EDM in function spaces (edm-fs)

This is the public code release of Christopher Beckham's internship at NVIDIA in using neural operators for time series modelling of climate data. This repository is based on EDM.

Setup

This repository is based on the EDM codebase and as such will have a similar set of requirements. First create a conda environment. We will use the environment.yml file that is in the root directory of this repository. This is the same as the corresponding environment file in the original EDM repository from Karras et al located here.

To create an environment called edm_fs we do:

conda env create -n edm_fs -f environment.yml

Some dependencies may be flexible but PyTorch 1.12 is absolutely crucial (see this issue).

Dependencies

We also need to install the neuraloperators library. For this repo we need to use my fork of it here. (Whoever builds on top of this repo may find it useful to see what has changed and try to reconsolidate it with the latest version of the library.)

Clone it, switch to the dev_refactor branch and install it with the following steps:

git clone git@github.com:christopher-beckham/neuraloperator.git
cd neuraloperator
git checkout dev_refactor
pip install -e .

Note that you may also need to install other dependencies that are required by neuraloperators. Check their requirements.txt file. We need to also install:

jstyleson: pip install jstyleson
torchvision: pip install torchvision==0.13 --no-deps (0.13 is compatible with PyTorch 1.12, and you must specify no-deps so that it doesn't force installing PyTorch 2.0)
ffmpeg: conda install -c conda-forge ffmpeg

Environment variables

Also cd into exps and copy cp env.sh.bak env.sh and define the following env variables:

$SAVE_DIR: some location where experiments are to be saved.
$DATA_DIR: this should be kept as is, since it points to the raw CWA/ERA dataset zarr file.

Dataset

Since the climate dataset used for the internship is not (yet) public, we have to use an open source substitute. For this we use a 2D Navier-Stokes dataset which consists of trajectories in time. Concretely, the neural operator diffusion model is trained to model the following conditional distribution p(u_t | y_{t-k}, ..., y_{t+k}) where:

u is the function to model (whose samples are at a fixed discretisation which is defined by resolution in training.datasets.NSDataset, e.g. 128 for 128px on both spatial dimensions);
y are samples from the same function at a much coarser discretisation, and this is determined by lowres_scale_factor in training.datasets.NSDataset, i.e. if lowres_scale_factor=0.0625 then this is a 16x reduction in spatial resolution).
k denotes the size of the context window.

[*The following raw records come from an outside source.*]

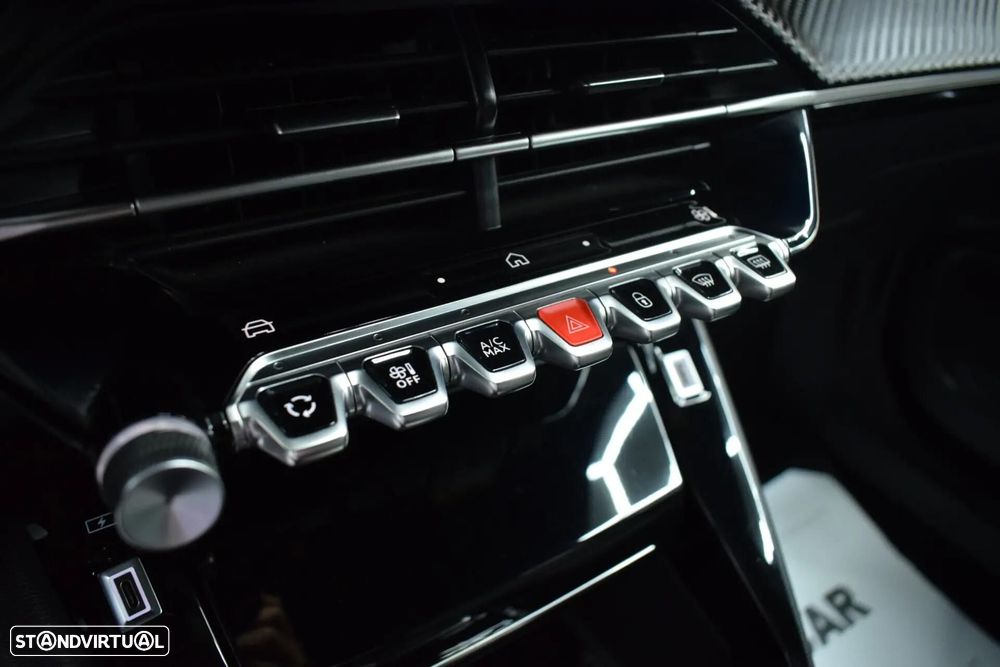Peugeot 2008 1.2 PureTech Allure EAT8 - 8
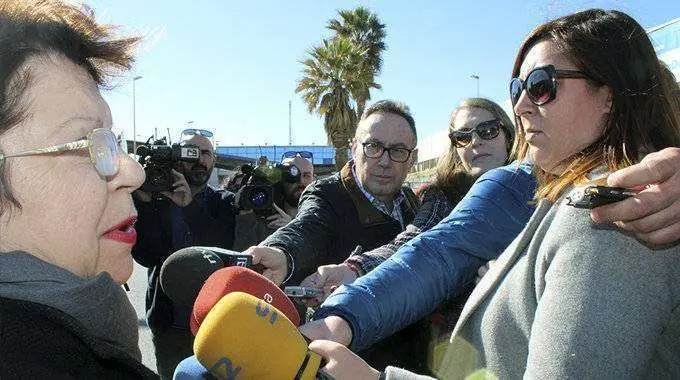 Mateos atiende a los periodistas ante el paso fronterizo de El Tarajal (C.A.)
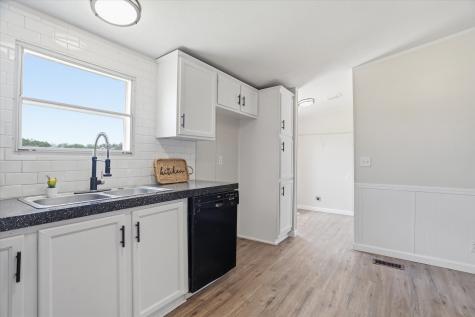 612 S Aquilla Street Itasca TX 76055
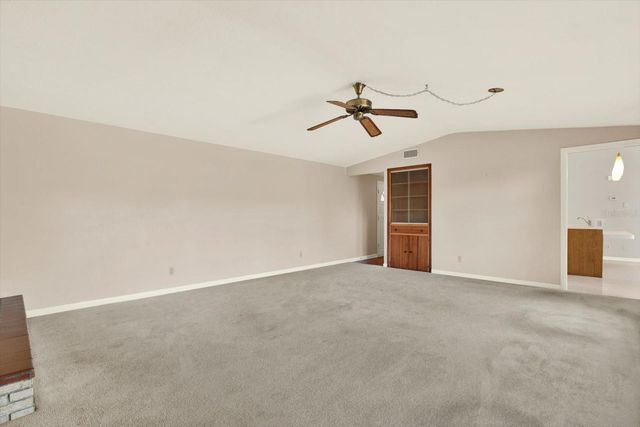 121 SIOBHAN AVENUE, Tampa, FL 33613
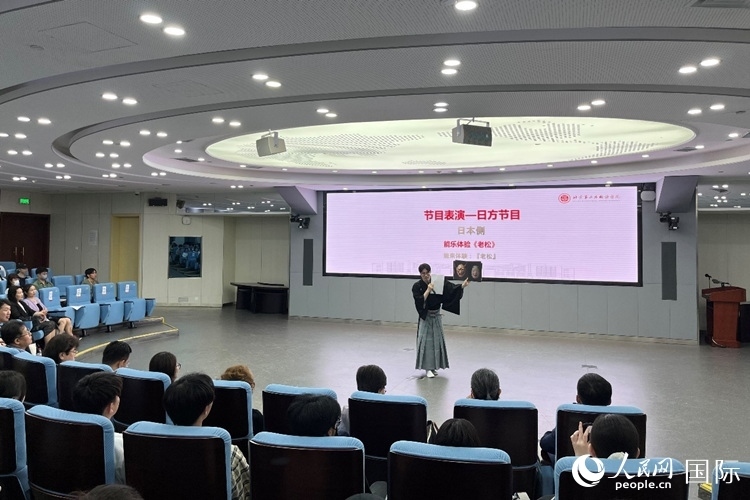 日本大學生介紹能樂知識。人民網記者 陳思攝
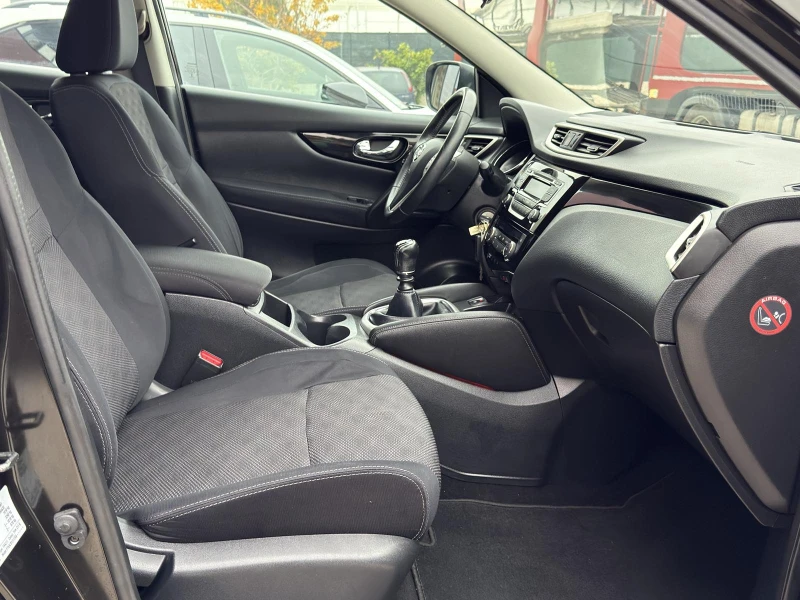 Nissan Qashqai 1.5 dci &#39;TOP&#34;, снимка 14 - Автомобили и джипове - 52646643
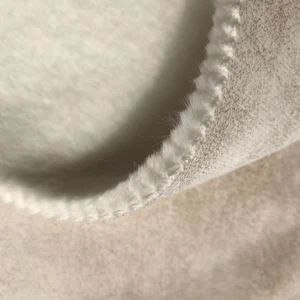 Tessuto in pelliccia sintetica per abbigliamento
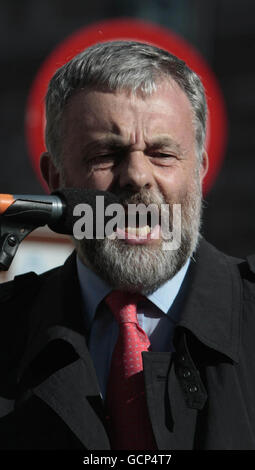 Jack O'Connor, General President der SIPTU, spricht vor dem Leinster House in Dublin vor irischen Gewerkschaften gegen Kürzungen und Rettungsaktionen für Banken. Stockfoto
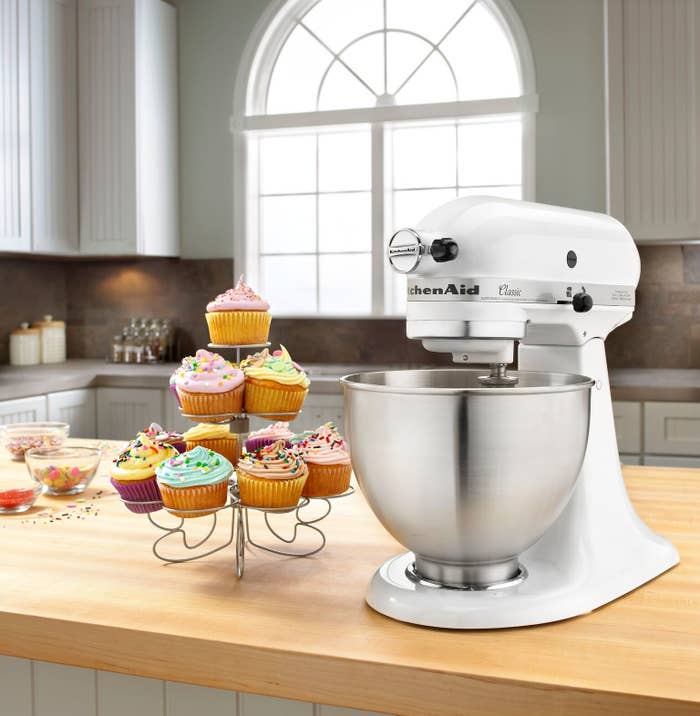 Today only: KitchenAid 5.5 quart bowl-lift stand mixer for $250 - Clark  Deals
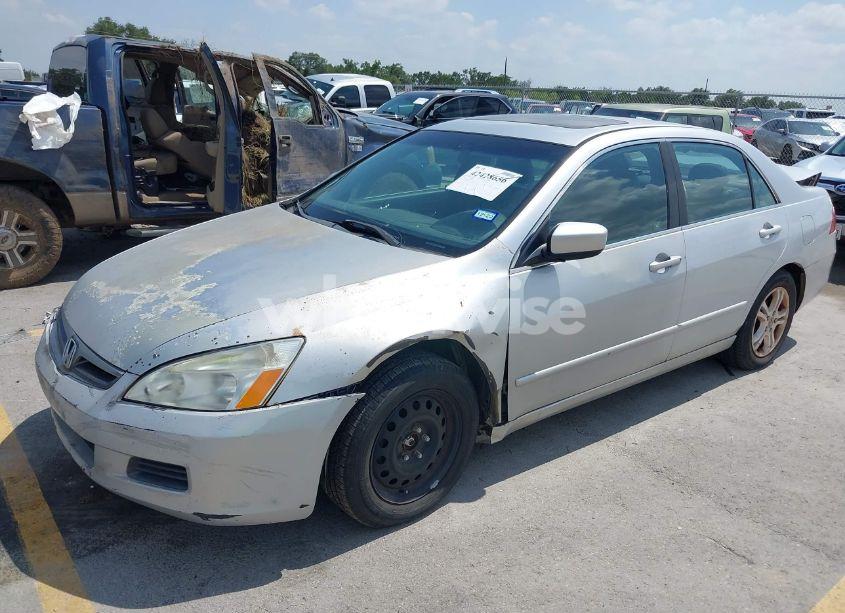 Photo 2 of 2007 Honda Accord 2.4 EX (VIN 1HGCM56727A117846)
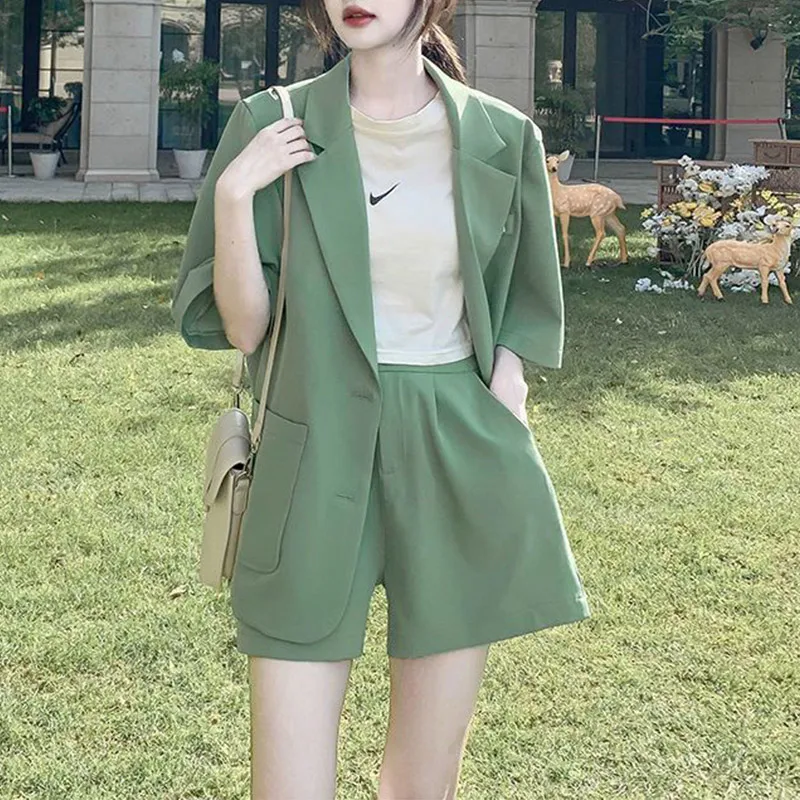 Summer Office Lady Elegant Fashion Short Sleeve Blazer Shorts Set Female Solid Loose Casual Suit Women's Clothing Coat Jacket
Summer Office Lady Elegant Fashion Short Sleeve Blazer Shorts Set Female Solid Loose Casual Suit Women's Clothing Coat Jacket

Whatever $DATA_DIR is defined to, cd into that directory and download the data:

wget https://zenodo.org/records/7495555/files/2D_NS_Re40.npy

Visualising dataset

We can visualise the dataset as a video. For example, if we define y to be a 16x reduction of the original resolution then we run the following:

python -m scripts.generate_frames_from_dataset \
  --outdir=/tmp/dataset \
  --dataset_kwargs '{"lowres_scale_factor": 0.0625}'
cd /tmp/dataset
ffmpeg -framerate 30 -pattern_type glob -i '*.png' \
  -c:v libx264 -pix_fmt yuv420p out.mp4

Here is an example output (in gif format):

Here, the y variable is actually 8x8 px (i.e. 128*0.0625 = 8) but has been upsampled back up to 128px with bilinear resampling.

Running experiments

This code assumes you have a Slurm-based environment and that you are either in an interactive job or will be launching a job. If this is not the case then you can still run the below code but you must ensure that $SLURM_JOB_ID is defined. For instance, in a non-Slurm environment you can simply set this to be any other unique identifier.

Experiments are launched by going into exps and running main.sh with the following arguments:

bash main.sh <experiment name> <path to json config> <n gpus>

<experiment name> means that the experiment will be saved to $SAVE_DIR/<experiment name>/<slurm id>. Example json config files are in exps/json and you can consult the full set of supported arguments in train.py. <n gpus> specifies how many GPUs to train on.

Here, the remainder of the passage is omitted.